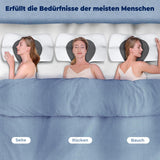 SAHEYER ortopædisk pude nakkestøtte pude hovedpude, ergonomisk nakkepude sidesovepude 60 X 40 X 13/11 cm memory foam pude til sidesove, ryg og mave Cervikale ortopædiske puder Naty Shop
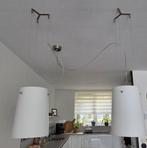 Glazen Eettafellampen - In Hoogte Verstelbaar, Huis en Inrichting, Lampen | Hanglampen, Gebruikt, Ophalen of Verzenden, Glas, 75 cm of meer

--

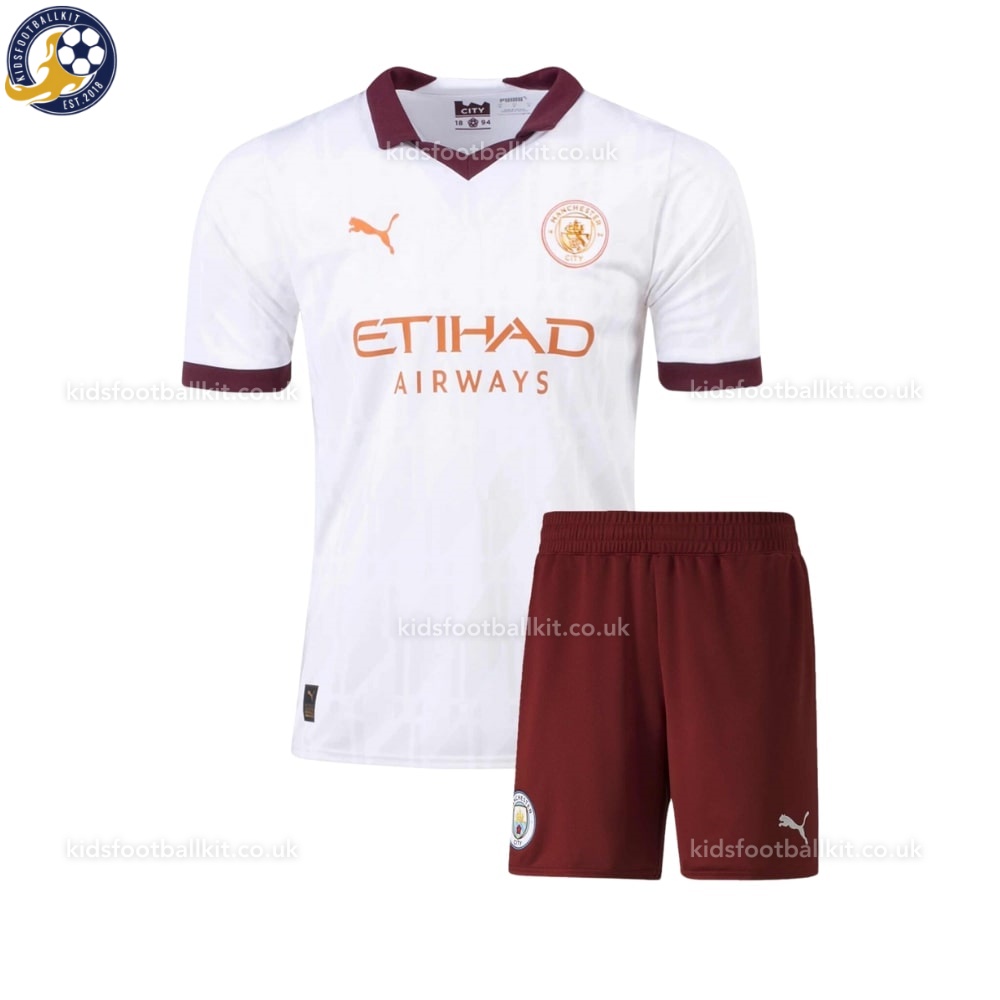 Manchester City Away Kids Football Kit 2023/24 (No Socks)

§ **Work order**: Keep to the lines above from the line with "SAHEYER ortopædisk pude" to the line with "Glazen Eettafellampen - In", and set down exactly those, inclusive, with nothing else and every picture left out.

§ **Answer to this task**:
 SAHEYER ortopædisk pude nakkestøtte pude hovedpude, ergonomisk nakkepude sidesovepude 60 X 40 X 13/11 cm memory foam pude til sidesove, ryg og mave Cervikale ortopædiske puder Naty Shop
 Glazen Eettafellampen - In Hoogte Verstelbaar, Huis en Inrichting, Lampen | Hanglampen, Gebruikt, Ophalen of Verzenden, Glas, 75 cm of meer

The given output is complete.